At the climax of that film Eastwood's character, The Stranger, steps behind the outlaw Stacey Bridges, and as the outlaw realizes his fate, too late, he screams into the fire-framed shadows: “Who are you?”

My friend Smitty has been saying that to me for the past year. It's been that long since the Ron he's known for more than 20 years was replaced — first by a moon-faced man in love, and now by a guy who doesn't have the same interests as his old friend. These days I spend much of my free time on Pinterest, where I'm keenly interested in fashion, shoes and nail art. Smitty would be disappointed, but not surprised, to see that my nails are buffed and painted an almost-black shade of purple.

"Who are you?" he would yell if he saw me right now. "What have you done with Ron Davis?"

The answer is pretty simple. That guy's dead. I killed him.

Not that he had it coming. He wasn't that big of a jerk, and he had some good traits. But the pre-2011 Ron wasn't a very thoughtful person. He hurt people for no good reason and really never made amends. Killing him wasn't premeditated, but it was necessary, and I can't say it wasn't a pleasure.

But his replacement — the guy with the moon face — wasn't much better. He was terribly selfish and he got what was coming to him, and even after the stroke it took several weeks for me to realize that his — my — holding on to hope was not going to cut it. I had to grab peace and keep it close to my chest; no one else was going to give it to me, and it was a mistake to think I needed anyone else to bring it to me. It wasn't fair.

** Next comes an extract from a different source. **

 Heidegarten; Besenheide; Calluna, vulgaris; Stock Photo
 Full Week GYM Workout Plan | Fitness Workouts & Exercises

Armed with peace (and a hearty side order of cold skepticism), now comes the Pinterest man. Voices calling, voices crying — and Cash was right, the whirlwind (this one of emotion) is in the thorn trees, scratching the hell out of me as I'm tossed across this new landscape. Facebook doesn't seem as important here and that's a good thing. Books don't seem as important and that's a bad thing. Regardless, it's a chance to be around people after living in a self-imposed solitary confinement for months. It's an opportunity to grow.

It's not that I'm setting fire to the past year and burying the ashes. Even if I wanted to, the vivid dreams wouldn't allow it. But I have no desire to act like it never happened — it did happen, in many ways it was the greatest time of my life, so far, and I suspect the final words of that particular chapter have yet to be written. We'll see. It's all about adjustments and balance. And patience.

Until then I ponder the question from High Plains Drifter: Who am I? Just a guy who appreciates Louboutins and nice nails — a more-sophisticated mature dog learning new tricks, and enjoying the education.

Why am I so sure this version of me will endure? Because I'm not doing it to please or appease another. I'm doing it for me. Selfish, sure, but it's my choice. If others like it, fine; I'm always up for a text party. But I make no apologies.